Welcome to WebmasterWorld Guest from 126.96.36.199
Forum Moderators: open
As Air mentioned [webmasterworld.com], the current state of cloaking is quite complex. I think it is worth a recap to see where cloaking is at today. Although this is a new article, it is somewhat of an update to an older thread we started last spring.
Cloaking usage is exploding on the web right now. There are many different types of cloaking and a diverse set of purposes for usage. The mass majority of the top 1000 sites (98%?) are cloaking in one form or another. You'd be hard pressed to find a top site that isn't cloaking today (including this one).
Forms of Cloaking
There are four or five related forms of cloaking. All rely on serving customized content and formats based on each unique user. They vary according to what criteria they use to generate customized content for any users.
As you know, any site can identify several things about a user when they visit. Those range from, ISP (ip address), Agent (browser), Referring url, to the more esoteric http headers such as http accept headers which can identify even more about the agent used.
Agent: sites detect what browser is being used and custom deliver pages for the browser. Agent cloaking is used by most major sites including all the top search engines.
IP Address: sites detect what ip address (ISP) a user is using to custom feed a page. IP delivery can be done for several reasons:
- language targeting. ex: Users from Spain a page in Spanish.
- broad band targeting. ex: @home users a page optimized for high bandwidth cable connections.
- geo advertisement targeting. ex: Giving users in England an ad for the local London pub.
- content targeting. ex: A news site leading with it's California news for California users, while Texas based users get news for Texans.
Referral Targeting: sites deliver custom content based on referring string. ex: Overriding a linking sites frames (ex: targeting Ask Jeeves referrals for frame overriding), giving specific content. ex: giving the CNN referral a page with links to more news stories, while giving the Yahoo referral a page with links to general topics.
Content Protection: a site generates a page for one user and not for another. ex: Giving Altavista one version of a page while giving users another.
The last form of cloaking is what I call Wild Card Cloaking. It covers a broad range of cloaking styles and purposes that are combinations of the above. examples:
- Altavista's Trusted Feed program and Inktomi's Index Connect are examples of search engine cloaking programs.
- Custom content news feeds, where sites deliver news spiders headlines instead of raw content.
- RSS headline feeds are often cloaked for specific sites and agents.
There is an entire subculture of diverse wild card cloaking that is exploding in usage right now.

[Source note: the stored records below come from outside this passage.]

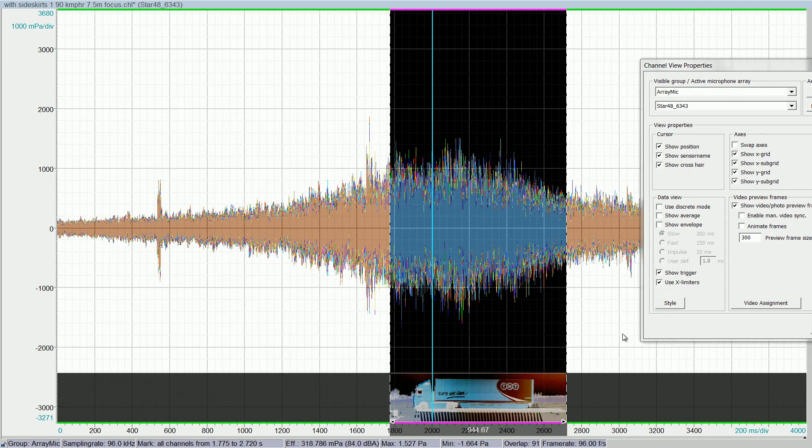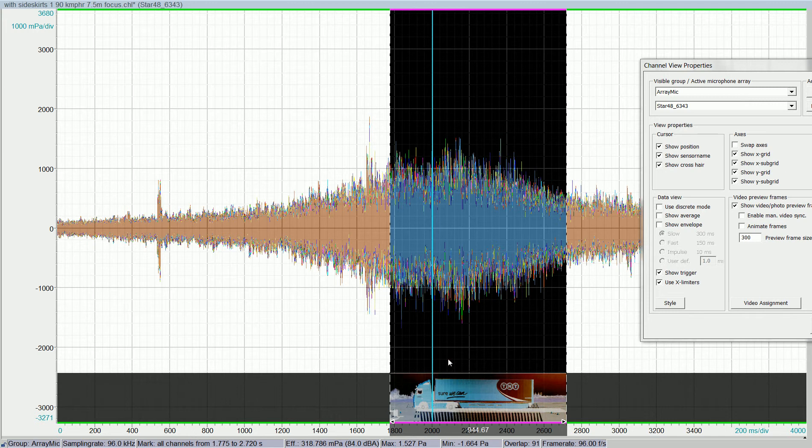If you want to create a de-dopperized acoustic photo of a train or, like in this case, a truck—a very long passing object—you most of the time have the problem that you don't have an optical photo of the object.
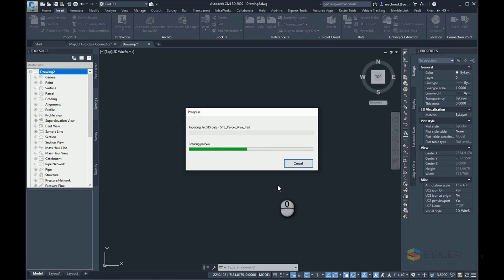Now it's going to go ahead and read it in — it's actually creating the parcels in my drawing. Once the progress bar finishes, I'll zoom to that data and see the kind of objects we have. Currently, I can read data directly from the ArcGIS Online site into my Civil3D drawing, but if there are any changes created within Civil3D, I could publish them back to a new layer, but I can't update the original layer that the information came from.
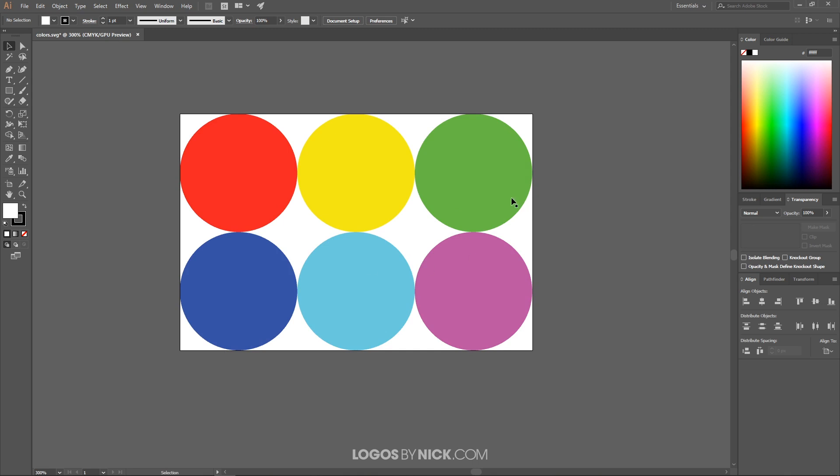That's because the RGB format is intended for screens. It uses colors that are generated with light. CMYK format is intended for print. It uses colors that are generated using ink. So there's not as many, ink is not capable of producing the wide range of colors that light can produce.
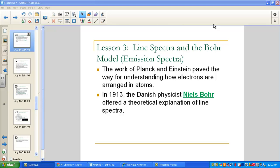Here is our third lesson in our Electronic Structure of Atoms chapter, called Line Spectra and the Bohr Model. We'll begin with emission spectroscopy and a little bit of flame testing review.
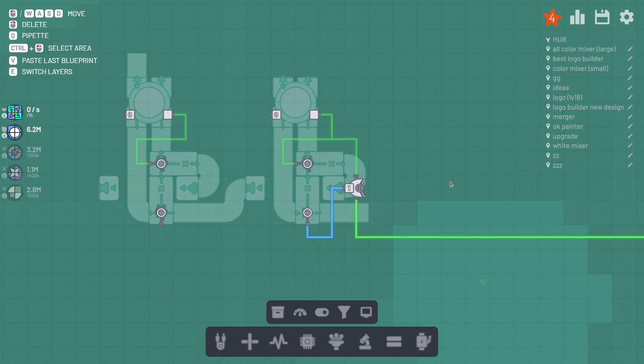And there you have it. My automated storage. This took way too long.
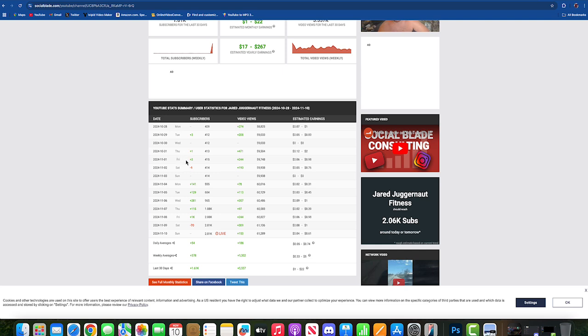November 1st he gained two, November 2nd he lost one, November 3rd he got nothing. And then all of a sudden, November 4th: 141, November 5th: 129, November 6th: 281, November 7th: 115, and then on November 8th...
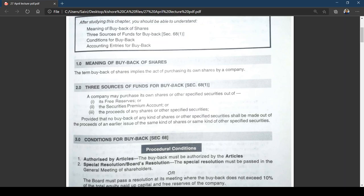So the first and second sources — free reserves and security premium — are used when you have substantial reserves and don't need a fresh issue. As I told you, if you want to go for buyback of your equity shares, there is no need for you to issue equity shares for buyback of equity shares — there is no financial sense in doing so.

In this forum, we tend to focus only on cloaking for the sake of search engine optimization. As you can see from the above, the scope of cloaking is exploding right now in it's many forms. SEO cloaking is just one small part of a much larger picture.
>>Content Protection: a site generates a page for one user and not for another. ex: Giving Altavista one version of a page while giving users another.
I think a variation of content protection we will begin to see much more of is Evil Bot Control.
The number of worthless bots crawling the web chewing up bandwidth has grown dramatically. It has now become much easier to track and monitor the bots you do want crawling your site than it is to track and ban the ones you don't.
Ip delivery allows you to easily let the good bots in while at the same time preventing the bad bots from crawling by serving them a completely blank page with no links to crawl.
It also allows you to force the good bots to honor the intent of the Robots Exclusion Protocal.
For example, Google has the annoying habit of making links to excluded pages available to users. All that is required is links pointing to the pages you don't want GoogleBot to index to be included on pages it has indexed. The only way to prevent this from happening is to serve Google pages that only contain links to the pages you want indexed.
I just wanted your input on an issue (to my understanding of course) on IP based cloaking systems. We already know how unreliable a user-agent based cloaking system is and for most of us, it's probably why we use an IP based one. So my question is: what happens now that IP spoofing is or will become more and more available? (since the venue of win2K, but even more with winXP)
I mean what is one suppose to do against such tactics to protect his hard work from snoopers??
Anyway, I hope I have it all wrong or else, we'll all need to put on our thinking cap and get to work!
Your help is as always really appreciated on this one.